Decencia, un valor

Quienes trabajamos con el lenguaje nos podemos percatar con mayor facilidad de que hay palabras de las cuales usamos y abusamos hasta casi hacerles perder el sentido de tanto repetirlas, mientras que otras parecieran debilitar su significación al dejar de emplearlas con frecuencia, casi hasta desaparecer no solamente el vocablo, sino también —y eso es lo más peligroso— su contenido.

Uno de esos sustantivos desfavorecidos en los últimos tiempos, prácticamente convertido en un arcaísmo por su poca utilización, es un bello e imprescindible concepto: la decencia.

Ser una persona decente siempre fue una expresión llena de significados para nuestros padres y abuelos, que quizás debiéramos rescatar con mayor empeño de ese archivo pasivo de palabras que tan solo aparentemente pueden parecer pasadas de moda. Y por supuesto, más importante que pronunciarla, lo importante sería que todos cultiváramos ese valor tan especial para el ser humano.

En un primer acercamiento a la decencia podríamos verle como un simple patrón de comportamiento formal ante nuestros semejantes, una conducta adecuada, correcta, apropiada al lugar, la circunstancia y las normas generalmente aceptadas por una sociedad.

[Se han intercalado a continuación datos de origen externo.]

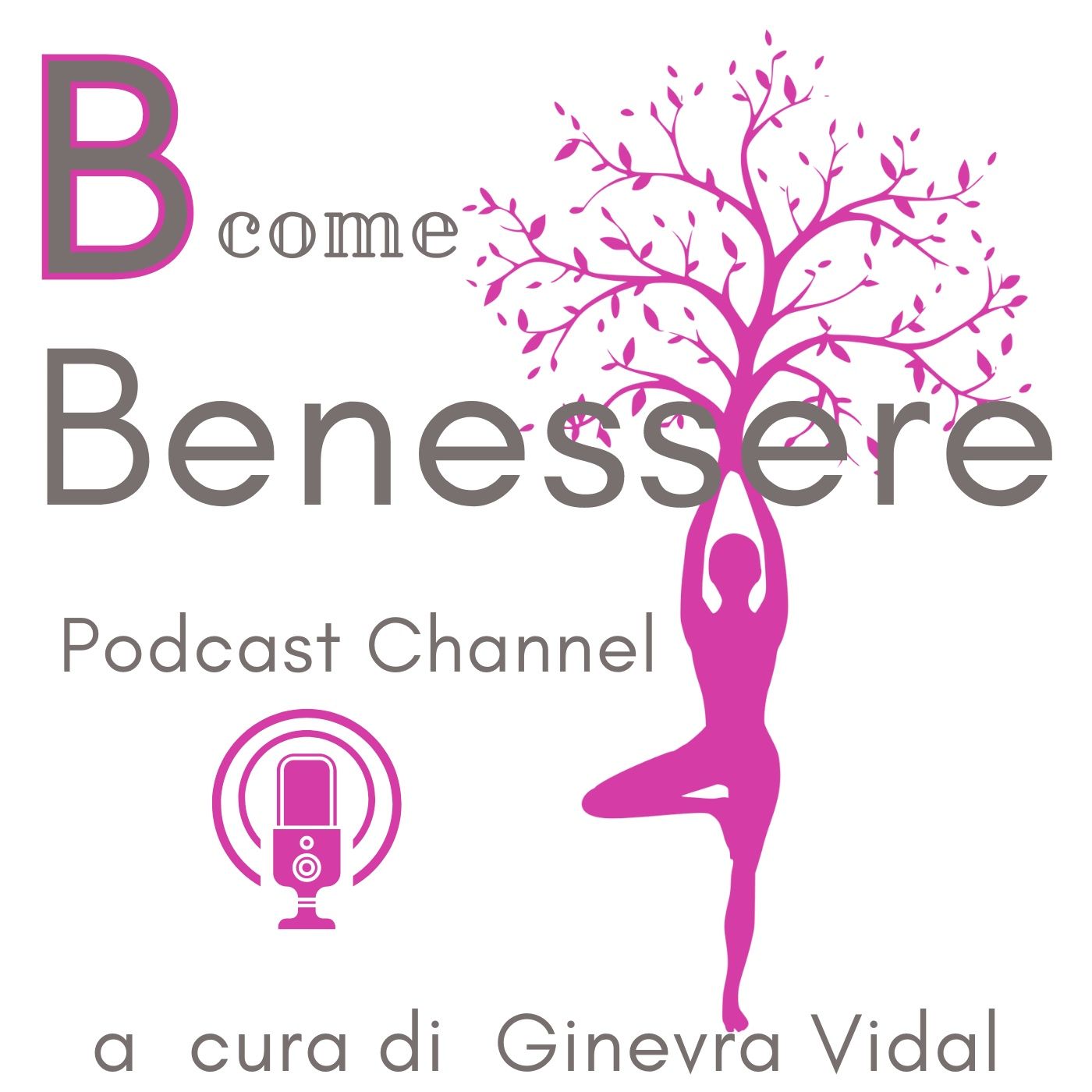 B come Benessere podcast artwork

Alguien se porta decentemente cuando toca a una puerta antes de entrar, sabe comportarse en los lugares públicos, saluda al llegar o despedirse, escucha al otro, habla en voz baja, sin gritar; y no interrumpe la conversación ajena, mucho menos si es un adolescente o joven quien se dirige a una persona mayor que le habla por cualquier motivo. Ser educado es parte de una actitud decente.

Pero esa sería solamente una dimensión epidérmica de lo que significaba para muchos de nuestros predecesores ser un hombre o una mujer decente. Dar ese calificativo implicaba —y tendríamos que entenderlo siempre así— un elogio contundente que habla de otras muchas cualidades: la honestidad, la justicia, la dignidad personal.

La decencia es respetar al otro, pero, sobre todo, a uno mismo. Es ser consecuente con nuestros principios y con nuestras acciones, o sea, es hacer lo que decimos y decir lo que verdaderamente hacemos.

Una actitud decente ante la vida es la antítesis de la hipocresía, la mentira y la doble moral. Es admitir nuestros errores, reconocer el mérito ajeno y no vanagloriarnos del propio. Una persona decente no busca beneficios inmerecidos o privilegios exclusivos para él o su familia, ni admite que otros lo hagan.

Se actúa decentemente por convicción, no para buscar reconocimientos o dádivas. A veces ser decente puede conllevar que sepamos quedarnos callados cuando sentimos vergüenza ajena por lo que dice o hace otro, pero casi siempre es saber hablar en el momento oportuno, con sinceridad y tratando de ayudar, no de destruir.

La decencia no se compra ni se paga, porque no tiene precio; lamentablemente no está a la venta en ningún mercado, por grande y sofisticado que sea; ni siempre guarda relación directa con los niveles de instrucción o la procedencia social.

Es, definitivamente, el premio mayor que podemos darnos a nosotros mismos, a partir de proponernos cada día ser mejores en todo lo que hagamos. Y tiene además la magia de que mientras menos la busquemos, más la hallaremos.

Es mucho más que una palabra: es una esencia que, paradójicamente, aunque es invisible, siempre habrá alguien bueno y sensible que la vea y diga: él —o ella— es una gente decente.